Talula, Talula, she's brand new now to you, wrapped in your paposse. Your little Fig Newton.” -"Talula" by Tori Amos.

            “Talula, Talula, how much for your fruit? You tornado is brooding! Talula, Talula, come see me away! Can you really be a big fig Newton? - My misinterpreted lyrics to "Talula" by Tori Amos.

 

“This monkey's gone to heaven. This monkey's gone to heaven.” -“Monkey Gone to Heaven” by The Pixies.

            “These things are bound to happen... these things are bound to happen...” My misinterpreted lyrics from “Monkey Gone to Heaven” by The Pixies.

 

            “Nothing's for free.” -“Big Bang Baby” by Stone Temple Pilots.

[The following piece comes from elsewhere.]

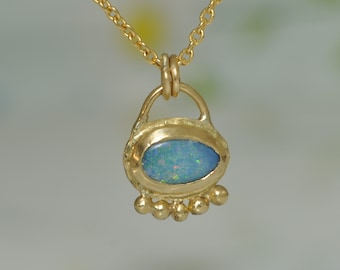 18k Gold Opal Pendant Necklace, Indian Style Handmade Jewelry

            “Love is for freeee.” -My misinterpreted lyrics to “Big Bang Baby” by Stone Temple Pilots.

 

            “Some get stoned, some get strange.” -“Walk On” by Neil Young.

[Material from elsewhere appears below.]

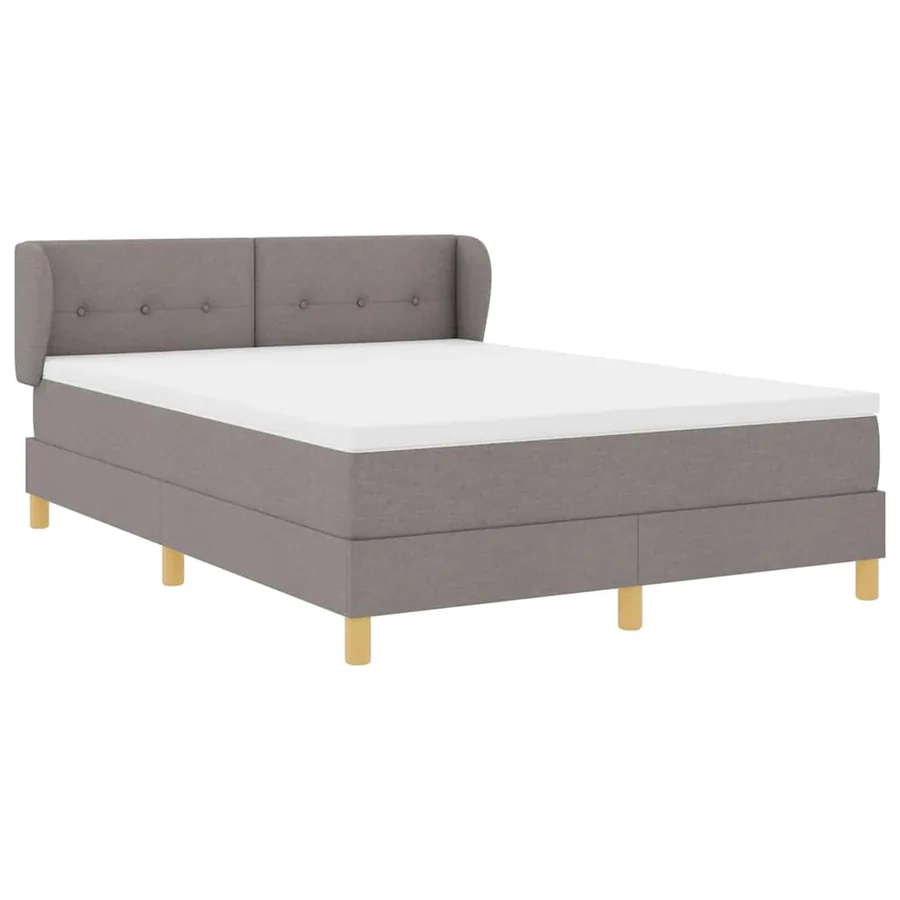 Lit à ressorts avec tête de lit Taupe 140 x 190 cm tissu - 6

            “Some get strong, some get strange.” -My misinterpreted lyrics of the day for “Walk On” by Neil Young.

            Come together right now over me.” -“Come Together” by The Beatles.

            Cum together right now over me.” - Misinterpreted lyrics to “Come Together” by The Beatles.

 

            “But I can’t see you every night (for) free.” -“About a Girl” by Nirvana.

            “But I can’t see you every night... please.” - Misinterpreted lyrics to “About a Girl” by Nirvana.

 

            “Grandma take me home... Grandma take me home. I wanna be alone.” -”Sliver” by Nirvana.

            “Gravitate me home... gravitate me home. I wanna be alone.” - Misinterpreted lyrics to ”Sliver” by Nirvana.

 

“Love without you will never do without you. That love will never do without you.” -“Love Will Never Do (Without You)” by Janet Jackson.

            “Love without Ragu! Ya! Love will never do without you.” -Misinterpreted lyrics for “Love Will Never Do (Without You)” by Janet Jackson.

 

            “Keep on growing, keep on growing, keep on growing.” -“Keep On Growing” by Derek and the Dominoes.

            “Keep on hurting, keep on hurting, keep on hurting... don’t fade away.” -Misinterpreted lyrics to “Keep On Growing” by Derek and the Dominoes.

 

"The children are gone!" -“Fire On Babylon” by Sinead O'Connor.

"THE CHILDREN ARE GOD!" –Misinterpreted lyrics to “Fire On Babylon” by Sinead O'Connor.

 

Gotta find a way, a better way, I had better wait.” -“Territorial Pissings” by Nirvana.

"You better find a wife! A better wife! I've got a wife!" –Misinterpreted lyrics to “Territorial Pissings” by Nirvana.

 

            Lite Armageddon… Lite Armageddon… Lite Armageddon…” –My (mis)interpretation during an instrumental chant towards the end of “The Negotiation Limerick File” by The Beastie Boys.